The global music industry is on the offensive against the proliferation of songs generated by artificial intelligence (AI) without the consent of artists or record labels. However, the fight seems unbalanced, in favor of AI developers and streaming platforms. According to AFP, Sony Music has requested the removal of more than 75,000 deepfake content from the internet - clear evidence of the magnitude of the phenomenon. Even though detection technology is progressing, many fakes remain online and attract millions of views.

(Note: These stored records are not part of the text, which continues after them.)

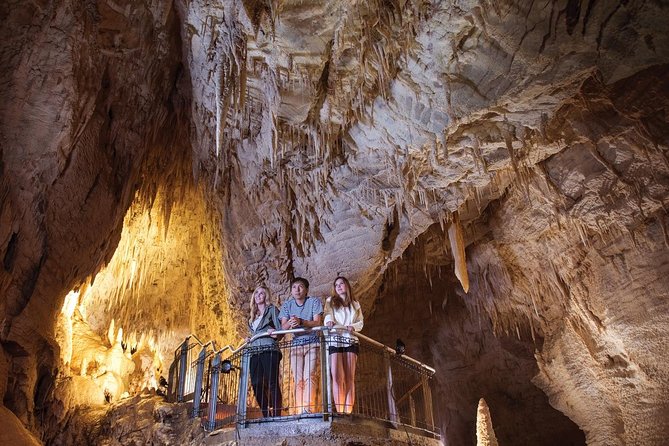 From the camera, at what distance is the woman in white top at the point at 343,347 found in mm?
5543

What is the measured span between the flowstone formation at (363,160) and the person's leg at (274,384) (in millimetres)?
3080

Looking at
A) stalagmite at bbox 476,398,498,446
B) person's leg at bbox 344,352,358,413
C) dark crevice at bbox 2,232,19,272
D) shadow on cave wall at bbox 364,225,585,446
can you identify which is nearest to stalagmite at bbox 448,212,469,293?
stalagmite at bbox 476,398,498,446

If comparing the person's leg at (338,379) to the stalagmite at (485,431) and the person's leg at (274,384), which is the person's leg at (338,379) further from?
the stalagmite at (485,431)

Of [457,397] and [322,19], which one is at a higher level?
[322,19]

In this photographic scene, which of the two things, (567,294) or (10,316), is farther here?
(567,294)

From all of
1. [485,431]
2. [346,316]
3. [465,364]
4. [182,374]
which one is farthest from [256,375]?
[465,364]

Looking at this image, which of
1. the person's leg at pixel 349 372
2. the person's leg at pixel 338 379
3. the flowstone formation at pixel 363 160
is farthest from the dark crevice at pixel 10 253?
the person's leg at pixel 349 372

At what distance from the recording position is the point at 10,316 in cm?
734

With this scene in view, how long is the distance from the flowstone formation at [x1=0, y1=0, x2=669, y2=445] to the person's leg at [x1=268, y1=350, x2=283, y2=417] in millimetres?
3080

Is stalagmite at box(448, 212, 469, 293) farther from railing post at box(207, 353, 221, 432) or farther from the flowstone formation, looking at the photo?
railing post at box(207, 353, 221, 432)

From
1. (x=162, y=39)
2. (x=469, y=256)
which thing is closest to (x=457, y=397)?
(x=469, y=256)

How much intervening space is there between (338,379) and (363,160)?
13.5 feet

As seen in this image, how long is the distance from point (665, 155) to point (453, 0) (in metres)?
3.91

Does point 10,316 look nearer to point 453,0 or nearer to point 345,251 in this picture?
point 345,251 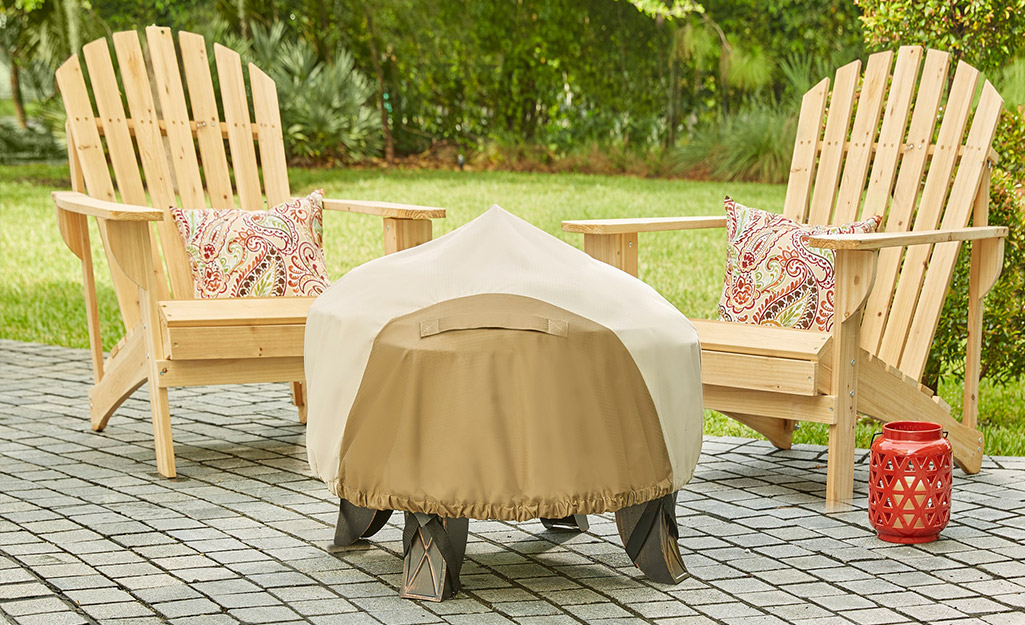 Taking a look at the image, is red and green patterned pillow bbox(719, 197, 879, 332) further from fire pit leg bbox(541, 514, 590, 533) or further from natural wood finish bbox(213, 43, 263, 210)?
natural wood finish bbox(213, 43, 263, 210)

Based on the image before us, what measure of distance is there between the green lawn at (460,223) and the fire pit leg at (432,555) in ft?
6.26

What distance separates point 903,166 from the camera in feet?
12.7

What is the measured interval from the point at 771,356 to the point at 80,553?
187 cm

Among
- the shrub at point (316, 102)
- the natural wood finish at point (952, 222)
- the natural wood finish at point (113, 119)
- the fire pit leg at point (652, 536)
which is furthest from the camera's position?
the shrub at point (316, 102)

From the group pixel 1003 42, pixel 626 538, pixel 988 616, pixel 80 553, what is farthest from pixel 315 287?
pixel 1003 42

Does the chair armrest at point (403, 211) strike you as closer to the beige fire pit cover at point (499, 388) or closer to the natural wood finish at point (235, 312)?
the natural wood finish at point (235, 312)

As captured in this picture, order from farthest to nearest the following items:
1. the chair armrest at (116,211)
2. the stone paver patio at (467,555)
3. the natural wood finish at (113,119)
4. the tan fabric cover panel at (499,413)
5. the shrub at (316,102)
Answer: the shrub at (316,102), the natural wood finish at (113,119), the chair armrest at (116,211), the stone paver patio at (467,555), the tan fabric cover panel at (499,413)

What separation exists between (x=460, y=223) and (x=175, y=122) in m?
4.60

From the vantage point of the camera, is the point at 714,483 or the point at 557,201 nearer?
the point at 714,483

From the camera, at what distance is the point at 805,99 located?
412 cm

Platforms such as YouTube and Spotify are becoming unwitting hosts for fake songs, despite monitoring measures announced by the digital giants, British media reports.
• Detection is possible, but not enough
Companies like Pindrop claim that AI-generated songs have subtle irregularities - in frequency, rhythm and digital signature - that differentiate them from human voices. But identifying them in real time remains difficult. Spotify's Sam Duboff said the company is actively working on "new tools" to detect fakes. YouTube, for its part, confirmed that it is "improving its technology" to limit this phenomenon.
• Legal battle: uncertainties and delays
More seriously, the music industry denounces the unauthorized use of original songs to train specialized AI interfaces, such as Suno, Udio and Mubert. Lawsuits are ongoing, but without clear deadlines. Complaints filed in New York and Massachusetts allege copyright violations, but everything depends on the interpretation of the notion of "fair use". Law professor Joseph Fishman warns that the legal gray area could lead to conflicting court decisions - and possibly Supreme Court intervention.
• Regulations are delayed
In parallel, attempts at federal legislation in the US have so far failed, although several states, such as Tennessee, have passed local laws against deepfakes, local media reports. President Donald Trump's stance in favor of deregulating AI further complicates the industry's efforts. The giant Meta has already suggested that the government should clearly state that using public data to train AI is legal under "fair use" - a position that could seriously tip the balance in favor of tech companies. The situation in the UK is no clearer either. The Labour government has launched a public consultation that could lead to a change in intellectual property law to facilitate access to protected content for AI developers. As AI models continue to evolve, trained on often proprietary data, the central question remains: can this battle be won or is it already too late? The answer is yet to be delivered.